**To do**. Without including any pictures, write out the data below exactly.

**Information provided**.
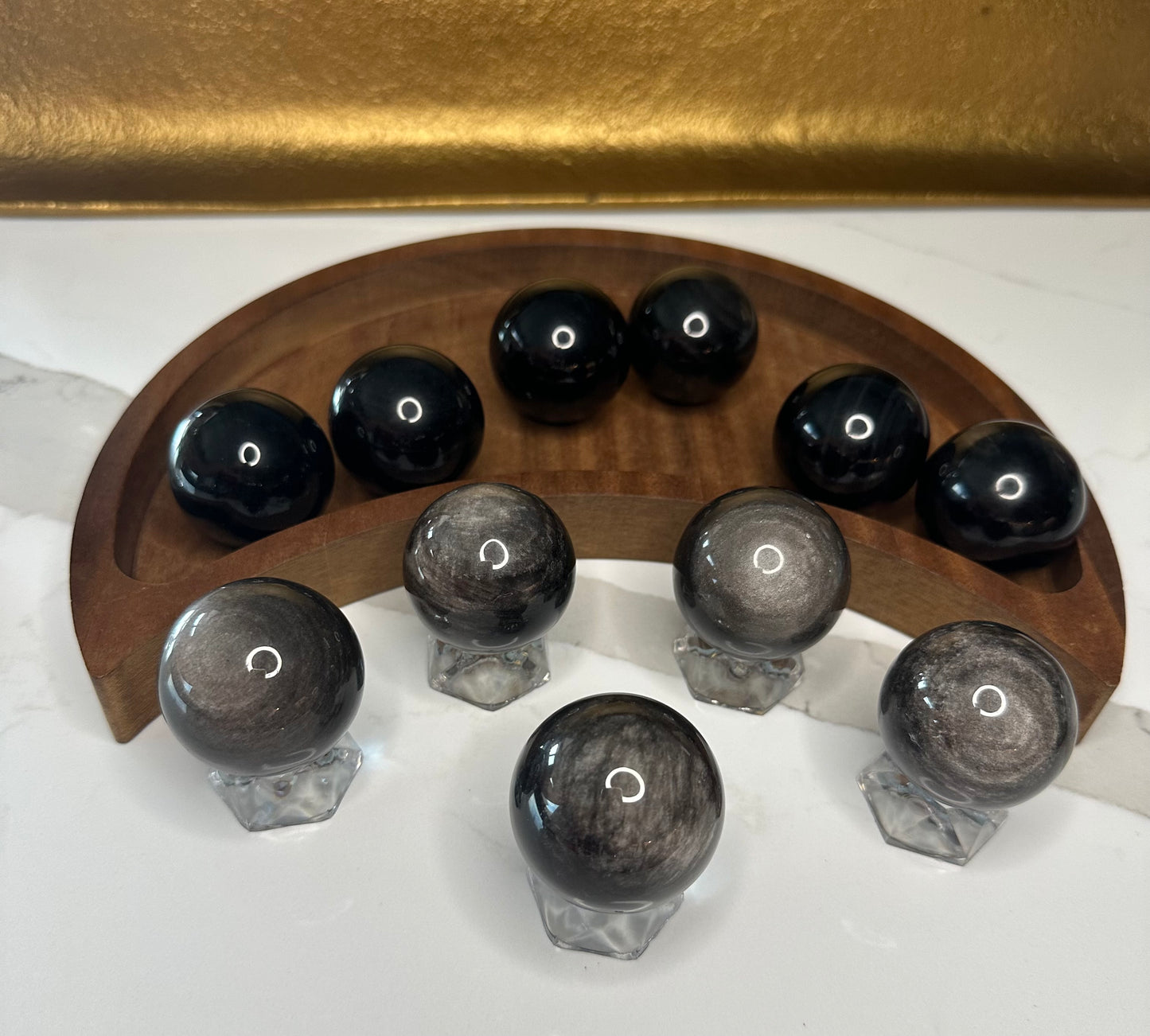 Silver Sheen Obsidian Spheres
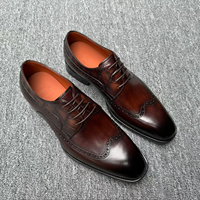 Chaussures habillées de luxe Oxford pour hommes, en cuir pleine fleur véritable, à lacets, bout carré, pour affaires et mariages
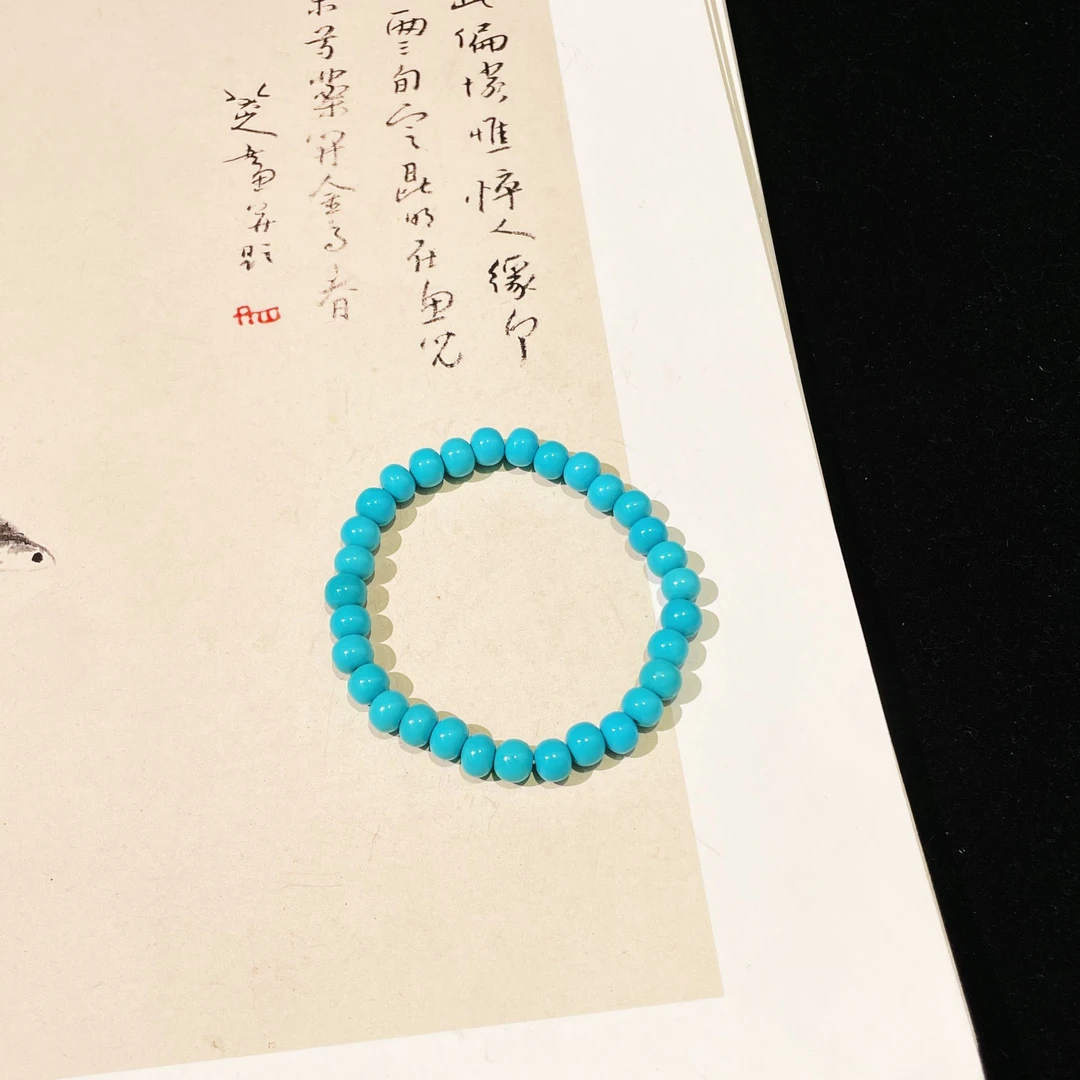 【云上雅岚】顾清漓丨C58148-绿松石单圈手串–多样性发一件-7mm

**Problem solution**.
 Silver Sheen Obsidian Spheres
 Chaussures habillées de luxe Oxford pour hommes, en cuir pleine fleur véritable, à lacets, bout carré, pour affaires et mariages
 【云上雅岚】顾清漓丨C58148-绿松石单圈手串–多样性发一件-7mm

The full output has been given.